Twórczość Jakuba Ćwieka jest mi znana od dawna i zawsze z miłą chęcią sięgam po jego książki. I choć ciągle uważam go za pisarza zajmującego się głównie fantastyką, to coraz częściej zaskakuje mnie tematyką, jaką podejmuje w swoich powieściach. Zaczynając czytać jego najnowszą książkę "Topiel" wiedziałam tylko, że oto czeka mnie lektura thrillera obyczajowego, którego akcja rozgrywa się w 1997 roku podczas największej powodzi w Polsce. W historii, którą snuje Ćwiek, mamy dwa światy. Pierwszy, w którym głównymi bohaterami jest grupa czterech nastolatków (jeszcze nie dorosłych, ale już nie dzieci) z Głuchołazów, dla których właśnie rozpoczęły się wakacje. Z drugiej strony mamy świat dorosłych, z ich problemami i lękiem wywołanym ciągle podnoszącym się stanem wody.

To wszystko łączy świetnie oddany klimat lat 90 z licznymi odniesieniami do popkultury, wywołujących w czytelniku przyjemnie uczucie nostalgii. Sprawia to, że opowieść na początku wydaje się lekka i sielankowa. Kilku chłopców wkracza w okres dorastania, buzują w nich hormony, robią głupie rzeczy, o których dorośli nie mają pojęcia.

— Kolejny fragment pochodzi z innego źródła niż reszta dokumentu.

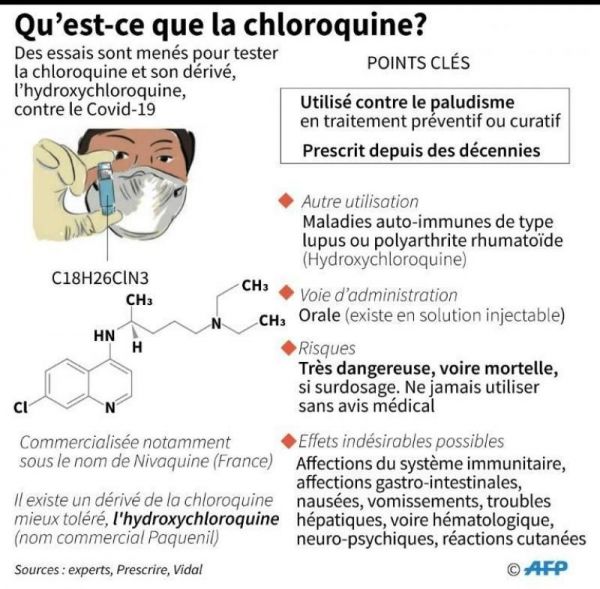 Chloroquine : le professeur Raoult, héros mondial ou futur zozo ?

Jednak w końcu, te dwie rzeczywistości zderzają się. Wraz z nadejściem wody, pojawia się napięcie. Powódź, która miała być kolejną przygodą dla bohaterów, brutalnie wprowadza ich w świat dorosłych, który okazuje się za trudny. I w końcu dochodzi do tragedii. Książka zaczyna się i kończy śmiercią, jednak nie taką, jakiej się spodziewałam.